Q20. Did God leave all mankind to perish in the estate of sin and misery?
A. God having, out of his mere good pleasure, from all eternity, elected some to everlasting life, did enter into a covenant of grace, to deliver them out of the estate of sin and misery, and to bring them into an estate of salvation by a Redeemer.
Now we arrive at the good news. This covenant of grace is 1. rooted in eternity; 2. for a particular people; 3. a wholly better estate than the first; 4. found in a Redeemer.
The second and third prooftexts that the Westminster Divines used here (Romans 3:20-22 and Galatians 3:21-22) do not necessarily unpack any of the clauses of their answer. However, it is clear enough how they function in the turn from the Covenant of Works to the Covenant of Grace. In these two places, Paul discusses justification by faith alone in the context of the purposes of the law. In the Romans passage, the law was revealing righteousness and in the Galatians passage the law was driving the people of God to the singular Offspring, so that in both there are dimensions of what is called the Evangelical Use of the Law. But at no point is the gospel contrary to the law, anymore than it could be contrary to the divine righteousness behind that law. Rather, the law was paving the way for the promise to be fulfilled.
The Covenant of Grace is Rooted in Eternity
The remaining proof text only cites verse 4 of Ephesians 1, but if we read the whole sentence by Paul we see the scope of this grace, ranging from its first cause in eternity to its end in glory.
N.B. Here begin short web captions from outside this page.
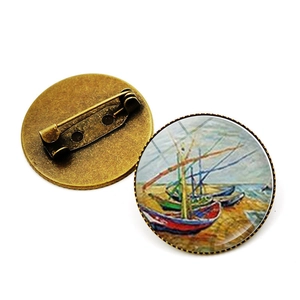 Détail de la broche peinture à l'huile Van Gogh avec cadre vintage et épingle de sûreté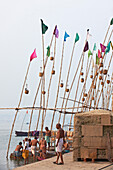 Gebetskörbe, Varanasi, Indien,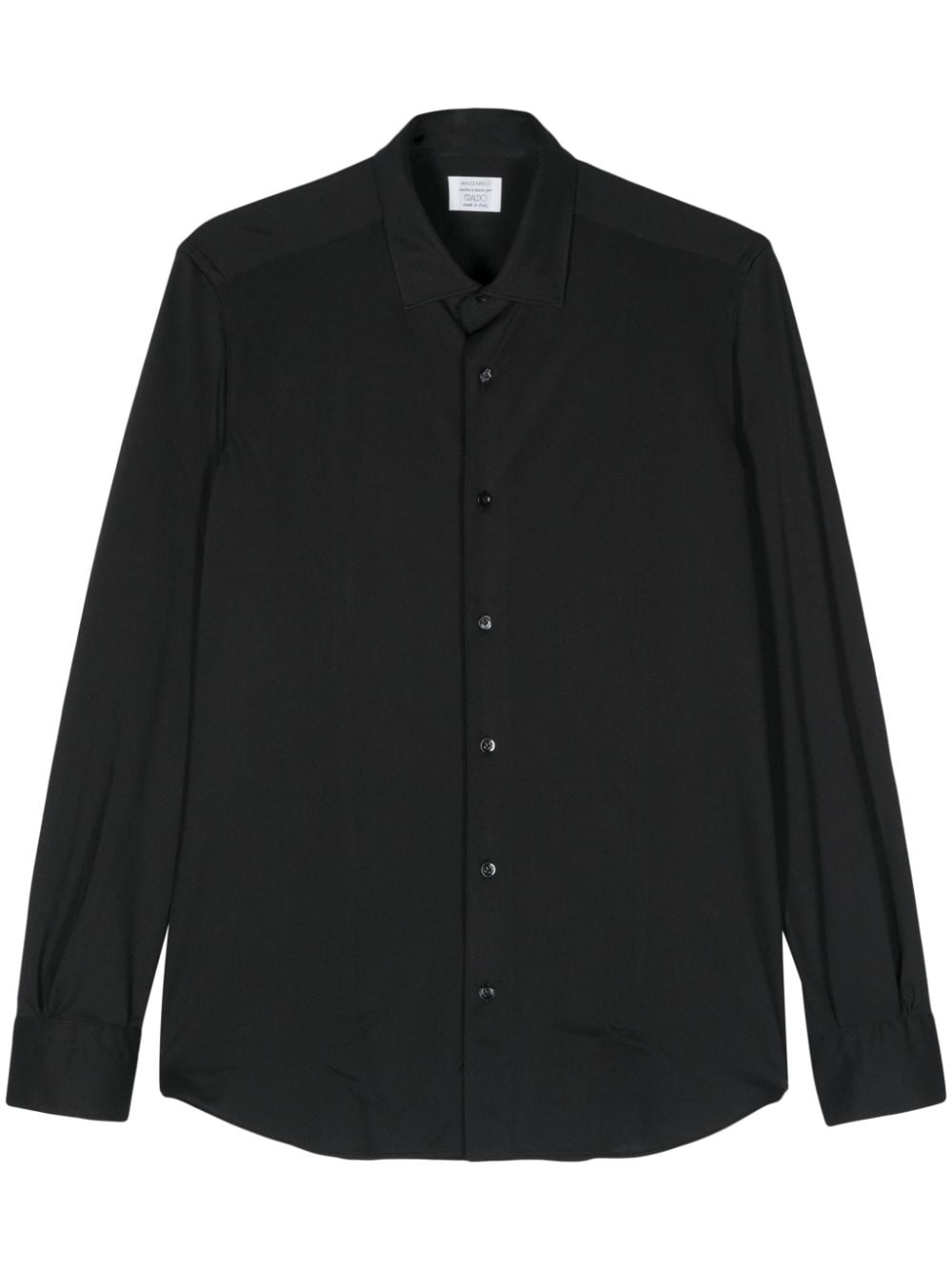Mazzarelli piqué buttoned shirt - Black von Mazzarelli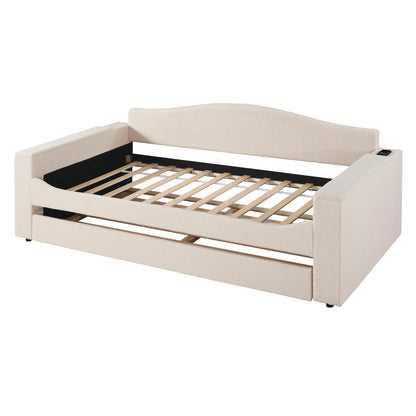 Upholstered Daybed With Storage Armrests, Trundle And Latest Integrated tooth Audio System - The Sleep Loft - Online Mattress Showroom NYC
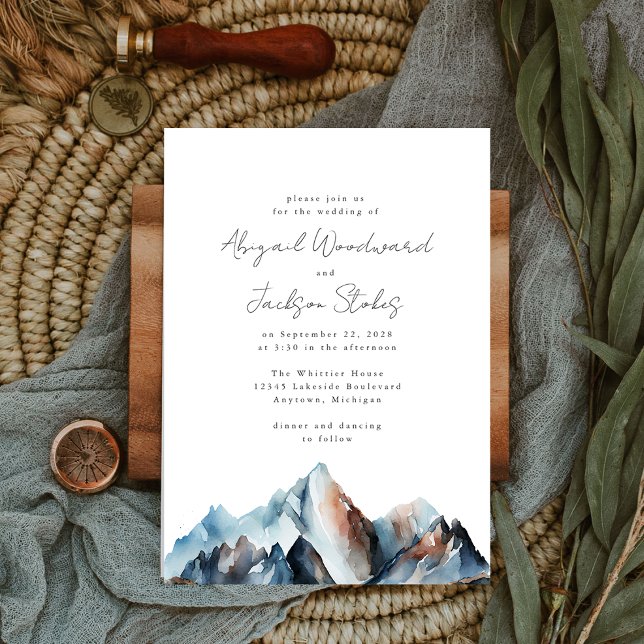 Rustic Watercolor Mountains Blue Gray Rust Wedding Invitation (The perfect invitation choice for a rustic mountain wedding.)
“Blessed be the God and Father of our Lord Jesus Christ, who has blessed us in Christ with every spiritual blessing in the heavenly places, even as he chose us in him before the foundation of the world, that we should be holy and blameless before him. In love he predestined us for adoption to himself as sons through Jesus Christ, according to the purpose of his will, to the praise of his glorious grace, with which he has blessed us in the Beloved” (Eph. 1:3-5).
What is the cause of all of the gracious parts of salvation that we encounter in Christ and which are applied to our hearts by the Holy Spirit? The answer is that predestination which was before time. So the Catechism answer says FROM ALL ETERNITY. This is an aspect of the decree of God.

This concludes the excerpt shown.